Further questions to consider while you are exploring this site are the following: Why do governments use propaganda? What is the most effective method to persuade the American people? How does one know when a source is trustworthy? Is propaganda effective during peacetime?

American Propaganda during World War II

The creation of propaganda was stimulated when the federal government created the Office of War Information. The Office of War Information produced a wide array of propaganda from posters, movies, newsreels, and radio shows. An example of propaganda in the form of a short film that would play before movies in America is the Paratroopers’ video. The Office of War short-film would ensnare young men’s imaginations, and entice them to enlist to become one of these paratroopers. Overall, the intent of the Office of War Information was to persuade American citizens to join the fight the war on the “Homefront”.

One of the most effective tactics was the propaganda posters. Propaganda posters encouraged volunteerism. One form of volunteerism would come in the form of citizens buying War Bonds. During World War II, 185 billion dollars was raised by American citizens through War Bond sales (Jarrett). There are a vast array of propaganda posters that were used to entice citizens to invest their money in the war; accordingly, different emotional appeals were used in the posters. For instance in War Bond Poster One, the audience sees a young soldier waving goodbye to his loved ones from a ship. The words “So we’ll meet again” are added on to the top of the poster, and a bold print tells the viewer to “Buy More WAR BONDS.” This emotional appeal would draw in those who had close relatives and friends fighting in the war to donate their money to the American cause. In War Bond Poster Two, a different emotion is elicited by the War Bond poster. The viewer would see a racially exaggerated drawing of  Japanese man holding a white American woman hostage. The poster is using fear of the Japanese enemy to create a sense of urgency for American citizens to donate money to the war effort to keep American women safe from the enemy. The poster not only is using racism to stimulate a paranoia about the Japanese, but it is also playing into the literary trope  of a damsel in distress.

Propaganda Posters specifically targeted the Japanese, and by extension Japanese Americans in an explicitly racist way. A caricature that became a common feature in propaganda poster was called the “Tokio Kid.” As the reader can see, there are racial stereotypes of the Japanese exaggerated in the Tokio Kid propaganda poster. The figure has sharpened teeth, squinted eyes, and pointed ears. Next to him there is writing in broken English. This further distances the Japanese man as “the other” because he cannot speak American English. Lastly, the very name “Tokio Kid” is an incorrect spelling of the Japanese city of Tokyo.

The treatment of the Japanese in these posters would stimulate a underlying current of suspicion and perhaps even hatred toward Japanese Americans. This would lead to Executive Order  9066, which established internment camps. Japanese Americans were forced to leave their homes and move to internment camps where they were trapped by barbed wire fences and guarded by sentries in guard towers around the clock. They were also forced to take Americanization classes, regardless of how long their family had been in America or if they were American citizens.

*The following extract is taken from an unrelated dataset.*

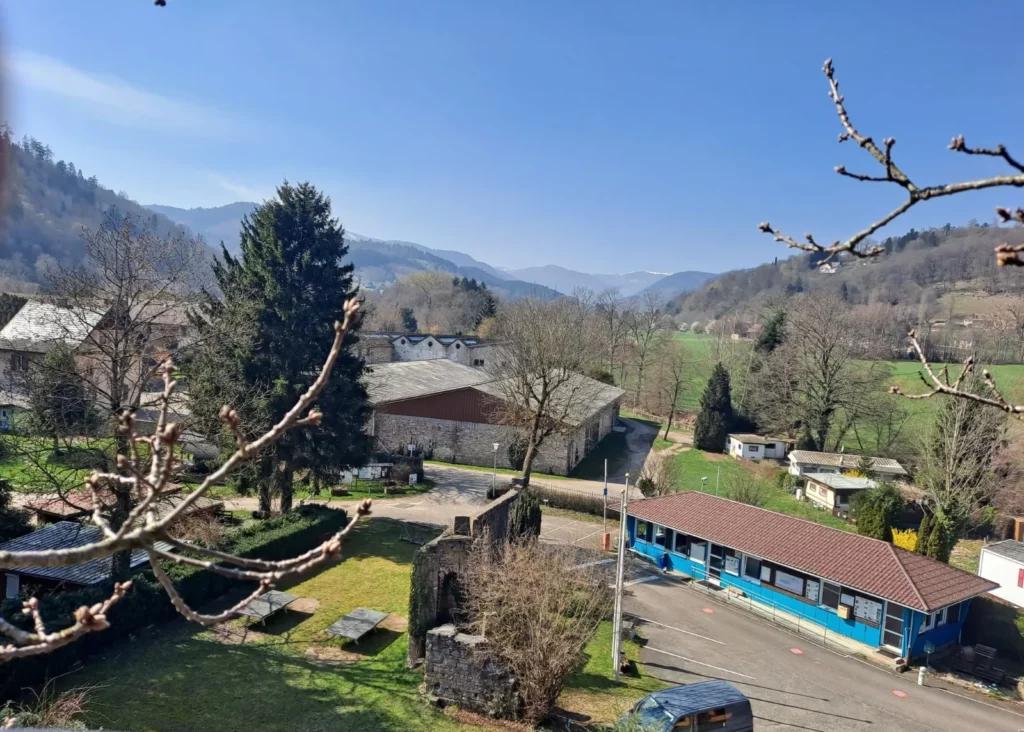 Vue sur le camping et les montagnes vosgiennes au printemps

George Takei shares his experience at an internment camp here.

Though negative propaganda posters exist that promote racism towards the Japanese American minority, other propaganda posters came into being that inspired better treatment of other minority groups in American society.

War requires soldiers. In the 1930s and 40s, only men were allowed to fight. War also requires weapons, vehicles, machines, equipment and other supplies. In the 1930s and 40s, men held most of the jobs manufacturing goods like these. When the men went to fight in World War II, millions of women took their places in the factories, providing necessary assistance to the war effort.

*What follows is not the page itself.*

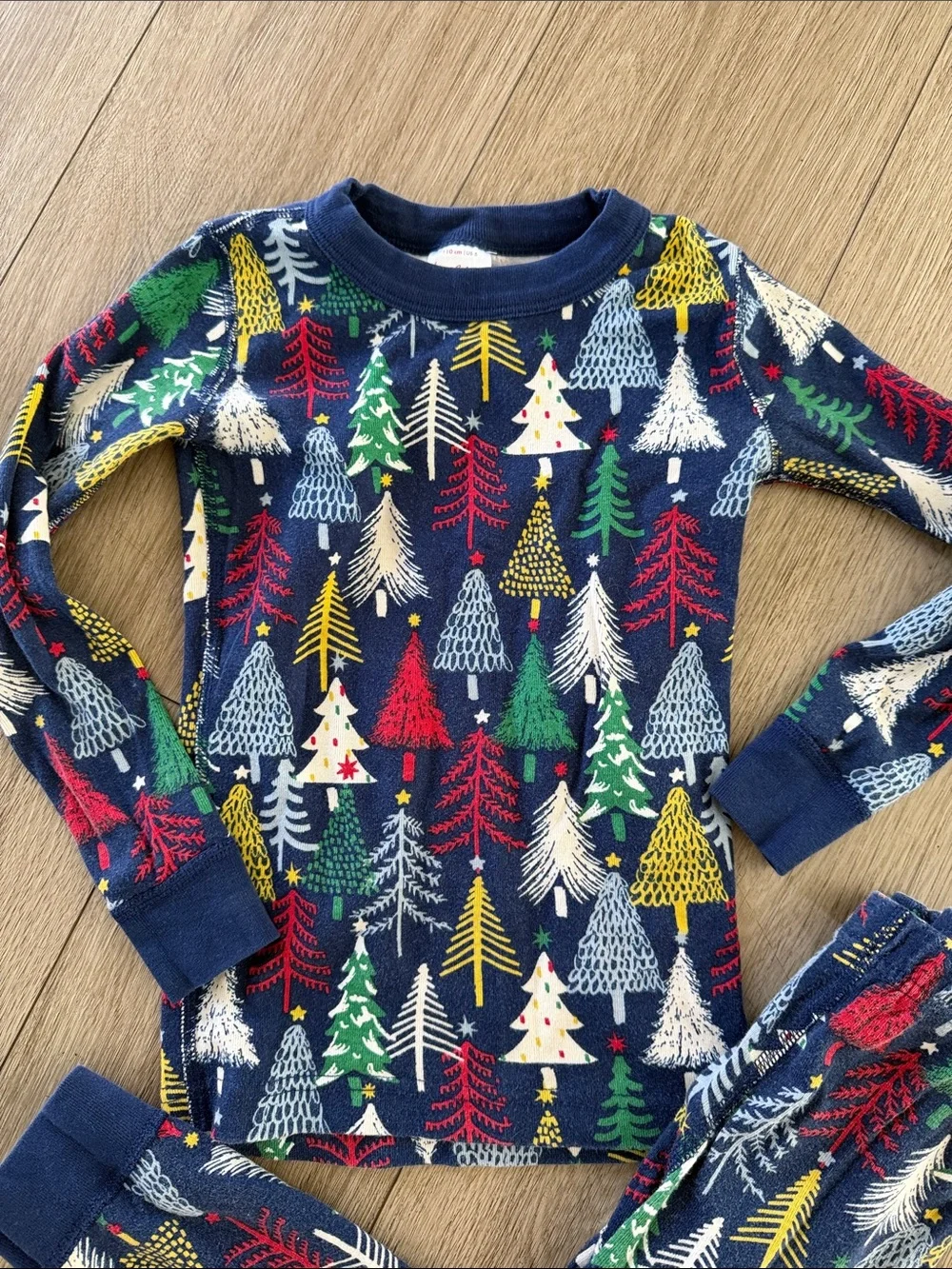 Hanna Andersson organic cotton holiday tree pajamas size 5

Women were seen as an asset to the American workforce. Perhaps the most famous World War II propaganda figure, Rosie the Riveter, came into being to promote a positive view of women in the workforce. African Americans were another minority shown in a positive light in propaganda posters during World War II which can be seen in, Defend American Freedom propaganda poster.

Wartime propoganda in 1940s America certainly had an influence on Americans and persuaded them in positive and negative ways. Posters, songs and films led to increase in enlistment, the sale of war bonds and the increase of women in the workforce, in many cases taking the jobs of men who had gone to war. But propaganda also triggered racism on a national level, which was even institutionalized in the form on internment camps for Japanese-Americans, German-Americans and other descendants of immigrants.

As you explore the artifacts thing about these questions:

Does the good of propaganda outweigh the bad?

Was propaganda successful?

Which form of propaganda do you think is most successful? Does it involve fear, duty, compassion or some combination of the three?

Does the government still use propaganda? In what ways can it be seen in the modern nation?